Le design présente un potentiel économique
intéressant pour la capitale allemande : plus de 11 000 travailleurs
dans le design (les secteurs liés étant la mode, les produits et
meubles, l'architecture, les arts visuels et la photographie) dont 6 700
société de design, qui représentent 1,5 milliard d'euros
en terme de ventes par an (
Unesco.org). Le design est donc au coeur
de l'économie berlinoise. Le secteur est dynamique, comme le
révèle son « taux de croissance supérieur à la
moyenne, que ce soit en termes de nombre de sociétés, de chiffres
d'affaires et d'emplois » (Berlin Paris Invest, 2015). Toujours dans une
politique économique tournée vers le design, la ville a mis en
place des prêts avantageux aux créateurs d'entreprises, mais
également des programmes de formation et de coaching pour les
entreprises des industries créatives.
Qu'est-ce qui attire cette « classe créative
» à Berlin ? « L'environnement, l'espace et les
excellentes conditions de base de la ville sont les fondations du travail
créatif et du développement de produits novateurs. Les designers,
les stylistes, les photographes et les architectes y trouvent la liberté
artistique, des bureaux et des logements abordables, des réseaux et
l'intérêt du public pour leur travail » (Unesco). Un
autre élément attirant les créatifs, ce sont les
événements culturels berlinois (comme le Festival international
du design DMY), mais également toutes les possibilités
d'études dans le domaine du design : la ville compte 5
universités dédiées aux arts et plusieurs écoles ce
qui représenterait environ 5000 étudiants, des futurs
créateurs.
Berlin est une ville exemplaire en matière de design :
elle possède de nombreuses réalisations économiques,
sociales et culturelles, influencées en partie par son héritage
historique. On parle même de Berlin comme étant une
pépinière artistique. De nombreux artistes vivent à Berlin
et depuis longtemps, comme David Bowie qui déclarait déjà
en 1970 « Je suis fasciné par Berlin à cause de la
friction. Cette ville possède l'étrange capacité de vous
faire écrire seulement les choses importantes »12.
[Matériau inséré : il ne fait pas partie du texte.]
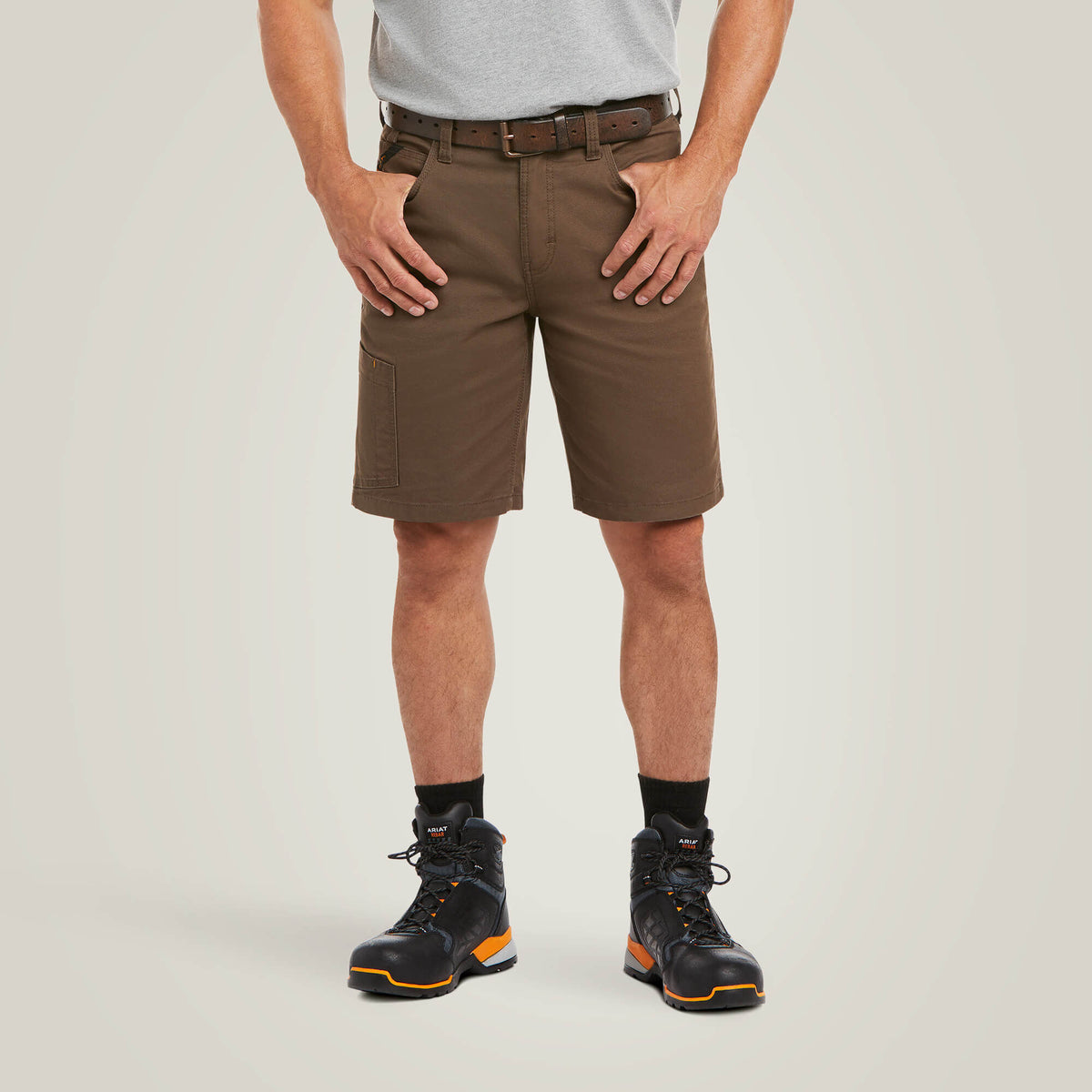 Rebar DuraStretch Made Tough 10" Short-Ariat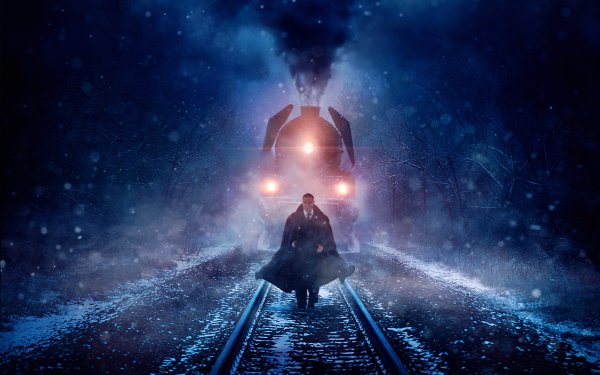Murder on the Orient Express 2017 Постер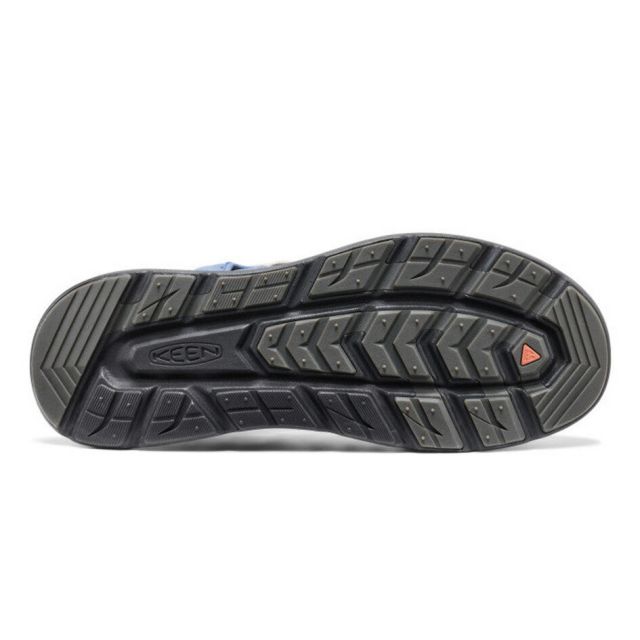 KEEN メンズ ユニーク ダブルケー 1030271 UNEEK WK サンダル スニーカー ウォーキングシューズ メンズシューズ 厚底 軽量 クッション カジュアル 旅行 アウトドア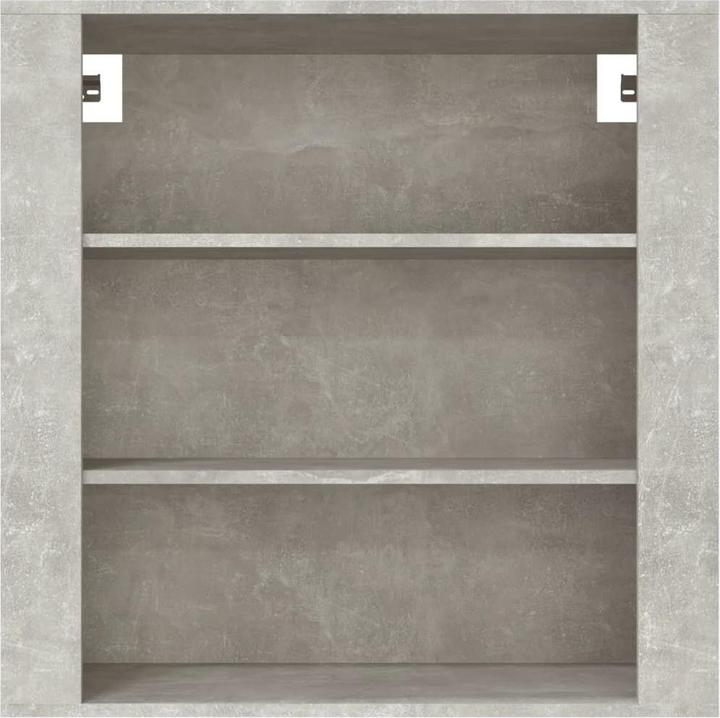 Produktbild vidaXL Wandschrank (80 x 33 x 80 cm)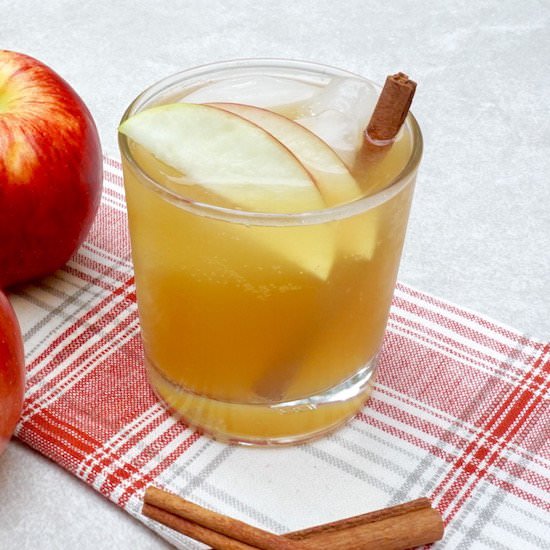 Apple Cider Mule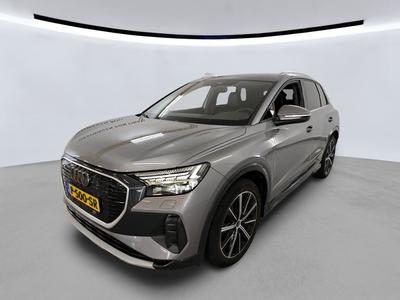 Audi Q4 e-tron 0.0 40 BEV 204PK 77KWH ADVANCED EDITION, 2022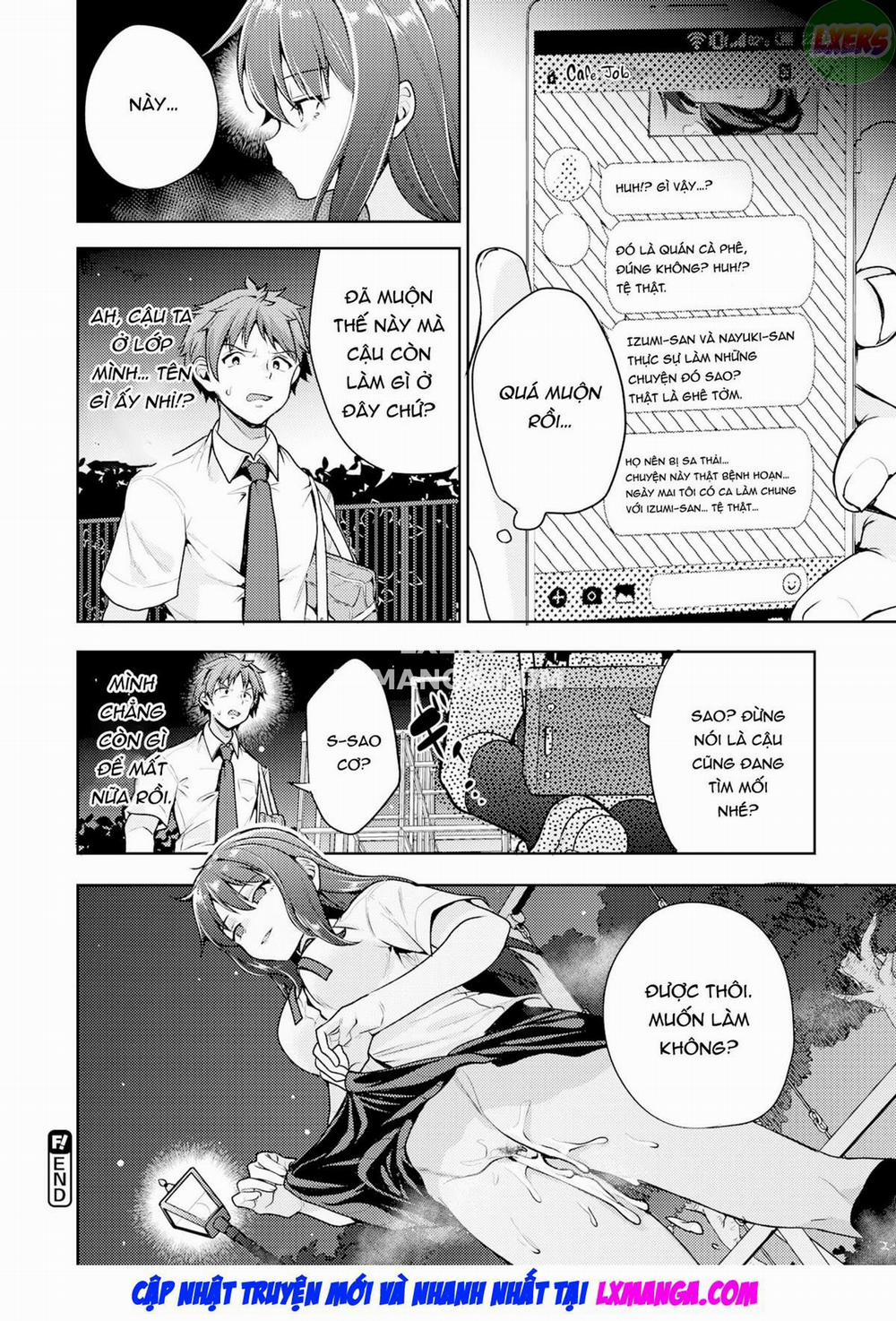 Nagoriyuki Oneshot trang 28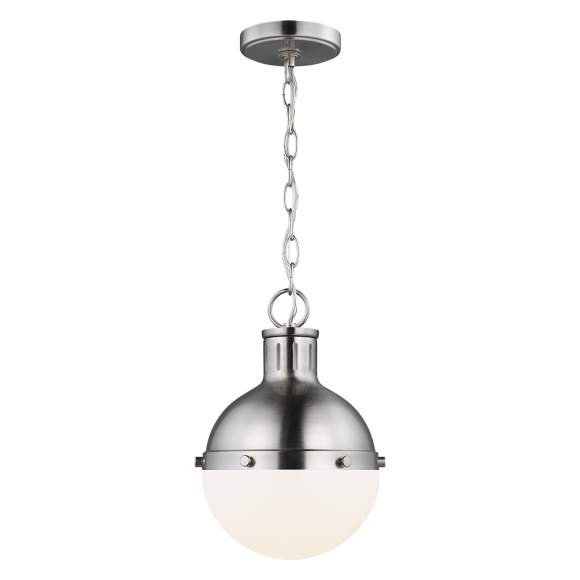 Brushed Nickel Bulb(s) Not Included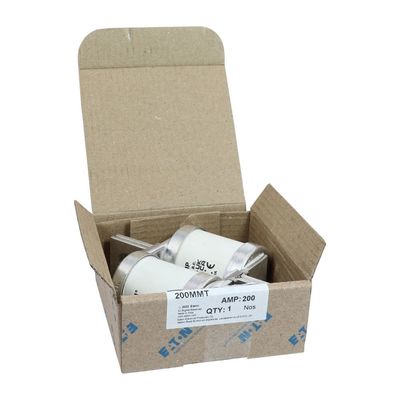 Eaton Bussmann Serie Alta Velocità Standard Britannico 200A BS88 Fuse 200MMT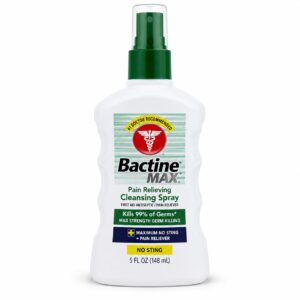 Bactine® MAX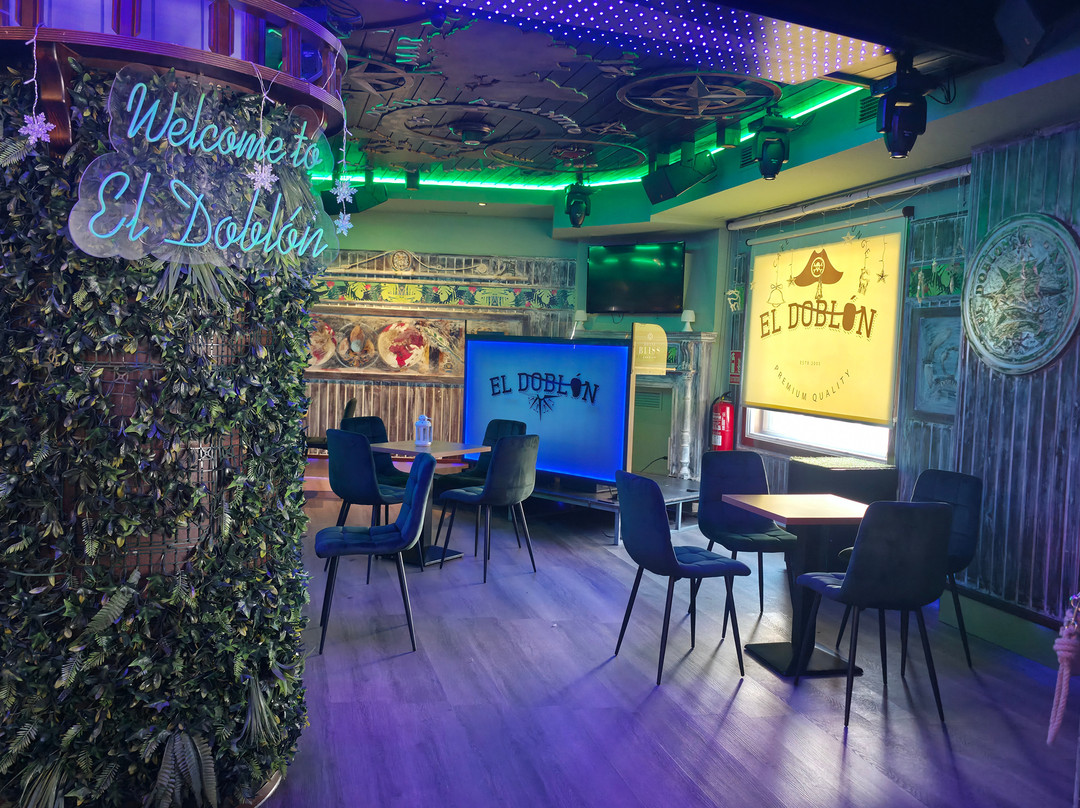 Doblon Premium-Adra必去景点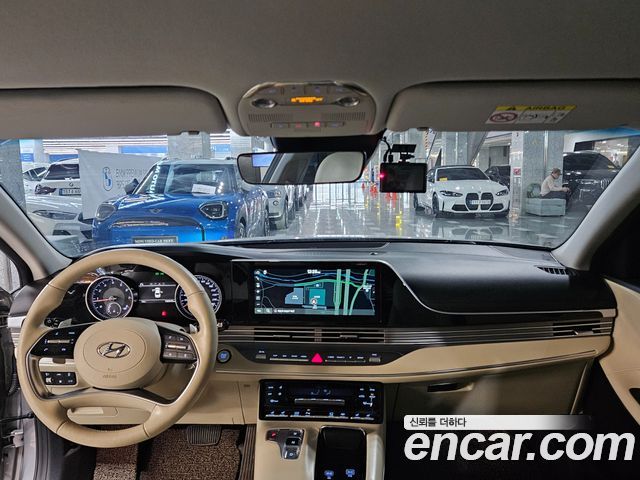 Hyundai Grandeur (IG) 3.0 LPi Exclusive 2022 — фото 20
En effet, l'univers du design à Berlin est prépondérant,
et fait preuve de dynamisme pour la capitale allemande.
Dès à présent, nous allons nous
intéresser à la ville de Saint-Etienne qui a été
l'objet d'une grande reconversion en terme de politique territoriale. De ce
fait, nous étudierons les raisons qui l'ont amené à parier
sur le design pour se développer.
32
12 Interview de David Bowie dans `Rock & Folk',
n° 146, 1979
33
2 Saint-Etienne, un territoire en reconversion
2.1 Une ville créative depuis toujours
2.1.1 L'âge d'or industriel
L'histoire de Saint-Etienne est intéressante pour
comprendre quelles ont été les orientations politiques
territoriales par la suite. Nous allons donc nous intéresser à
son histoire, témoignant d'un dynamisme industriel important, puis nous
aborderons les conséquences de cette activité industrielle tant
positives que négatives.
Autrefois, la ville de Saint-Etienne était une grande
capitale industrielle. On peut même dire qu'elle « ne s'est pas
développée avec l'industrie à la fin du
18ème siècle, elle est née avec »
(Vincent Béal, 2010). En effet, son savoir-faire était
appliqué dans trois industries majeures, qui formèrent pendant de
longues années le noyau dur de cette capitale industrielle :
- la rubanerie. Cette activité très ancienne
à Saint-Etienne était à l'époque,
représentée par plusieurs acteurs : des négociants qui
travaillaient pour des maisons de gros ou de commissaires ; des passementiers,
qui travaillaient à domicile mais également en sous-traitance
pour des compagnons. Ce secteur était, du point de vue
économique, relativement atomique, donc « d'une faible
intensité capitalistique ». Toutefois, la rubanerie a
perduré jusqu'à la Première Guerre Mondiale (1914).
- les industries minières et métallurgiques. A
l'inverse du domaine du ruban, ces dernières étaient «
modernes et capitalistiques ». C'est autour des années 1810
que les industries minières commencèrent à se
développer. Dès 1850, de grandes entreprises de
métallurgie et de sidérurgie (comme la Fonderies de la Loire et
de l'Isère, les Aciéries de Saint-Etienne, et la Compagnie des
Mines de fer) s'implantèrent. La métallurgie évolue
progressivement en se spécialisant vers la fabrication d'aciers
spéciaux, d'alliages complexes, notamment en terme de constructions
mécaniques : la ville devient experte en production de cycles et d'armes
de chasse et de guerre (avec Armeville). C'est l'époque de Manufrance,
une Manufacture Française d'Armes et Cycles, créée par
Etienne Mimard et Pierre
34
Blachon en 1885, considérée comme la plus
emblématique des productions manufacturières de la ville.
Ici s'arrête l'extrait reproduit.